[Exercise prompt]:
Only the lines from the one containing "NAR NATURAL & REGIONAL logo" through the end of the entries are wanted, retyped exactly and without pictures.

[Provided information]:

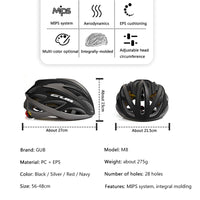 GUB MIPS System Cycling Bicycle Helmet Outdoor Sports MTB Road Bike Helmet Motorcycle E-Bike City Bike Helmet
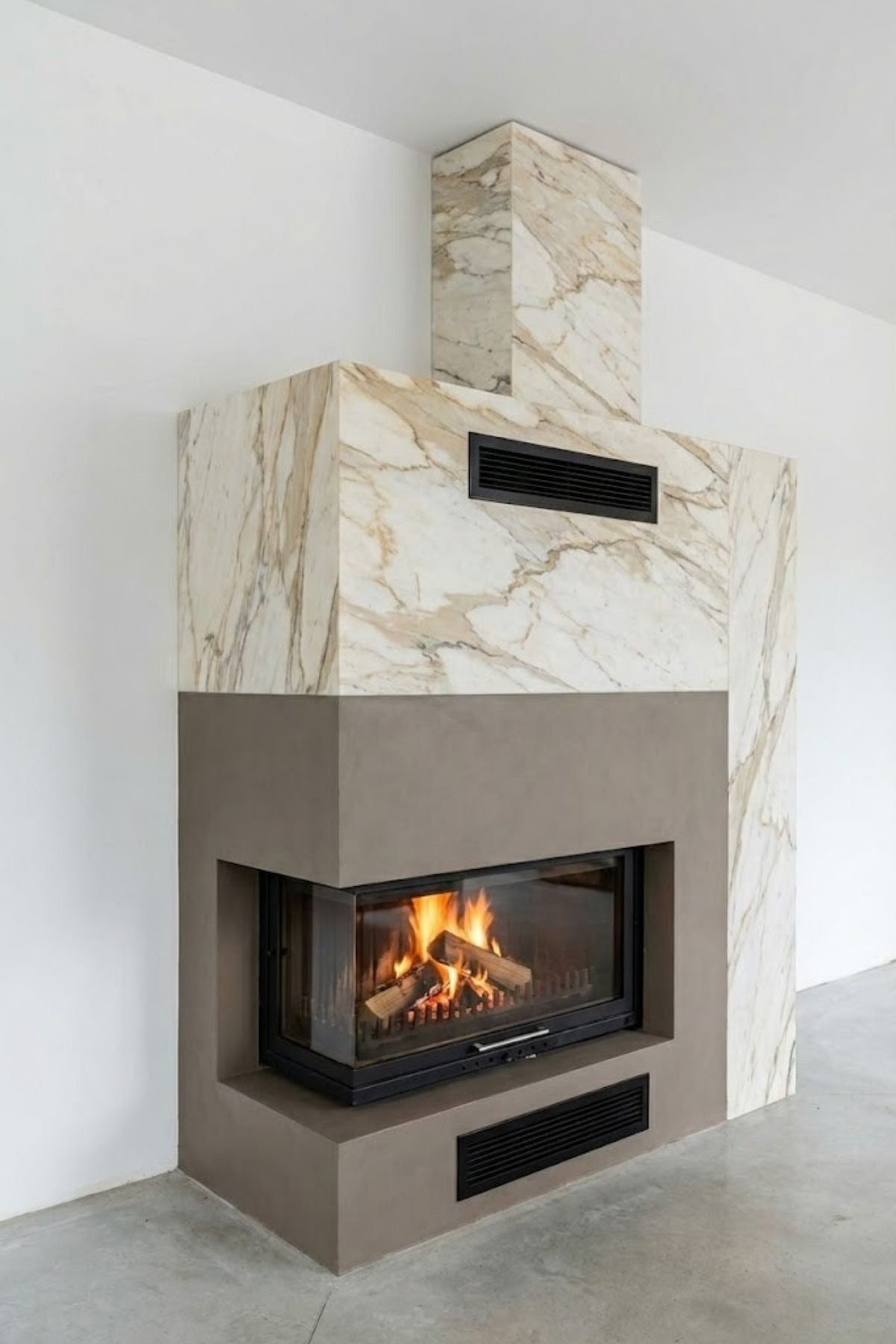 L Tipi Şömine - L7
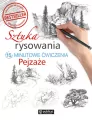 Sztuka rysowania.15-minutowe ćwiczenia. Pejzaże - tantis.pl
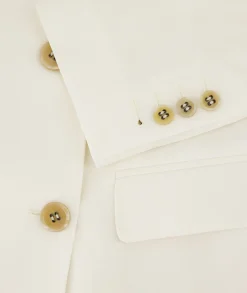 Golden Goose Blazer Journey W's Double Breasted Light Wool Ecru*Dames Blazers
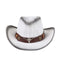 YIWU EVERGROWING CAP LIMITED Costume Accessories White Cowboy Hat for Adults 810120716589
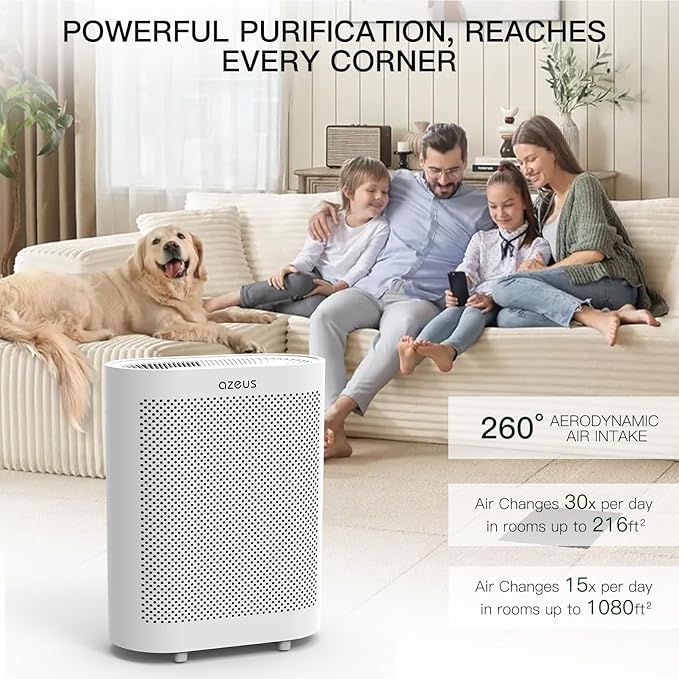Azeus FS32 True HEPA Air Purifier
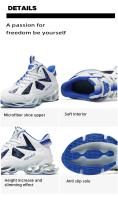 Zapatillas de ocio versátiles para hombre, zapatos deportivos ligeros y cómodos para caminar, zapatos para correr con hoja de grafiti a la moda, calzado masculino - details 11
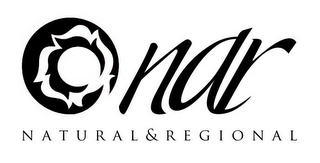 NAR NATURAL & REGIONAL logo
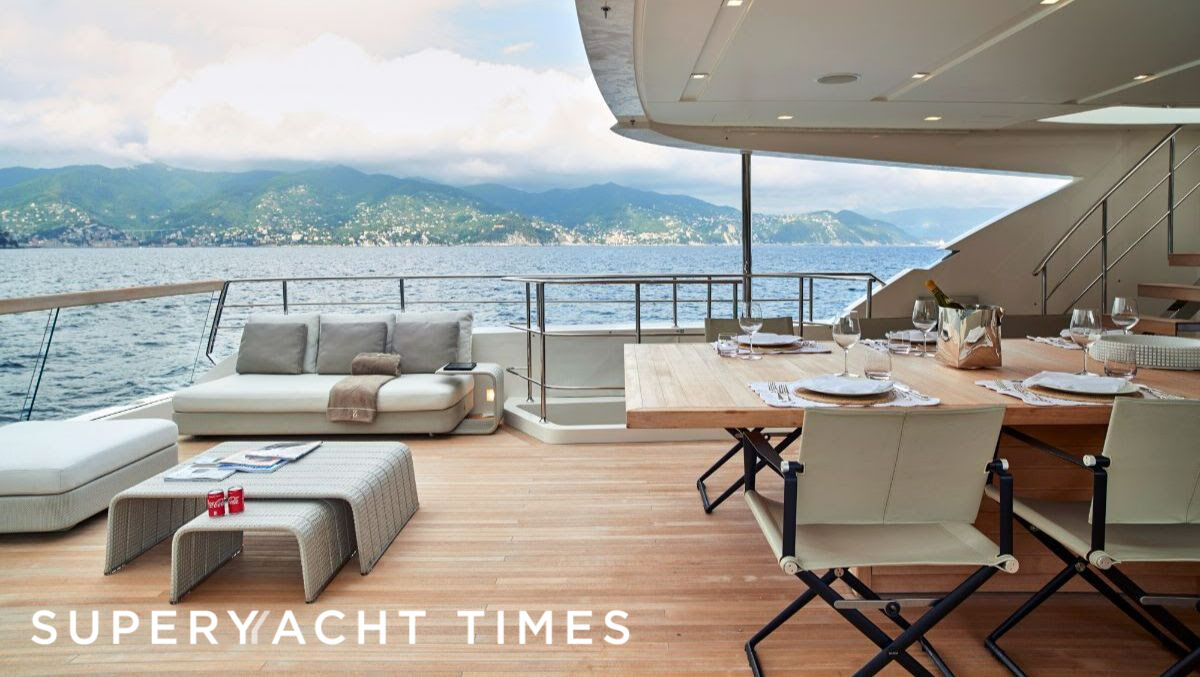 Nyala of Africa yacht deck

[Output for this exercise]:
 NAR NATURAL & REGIONAL logo
 Nyala of Africa yacht deck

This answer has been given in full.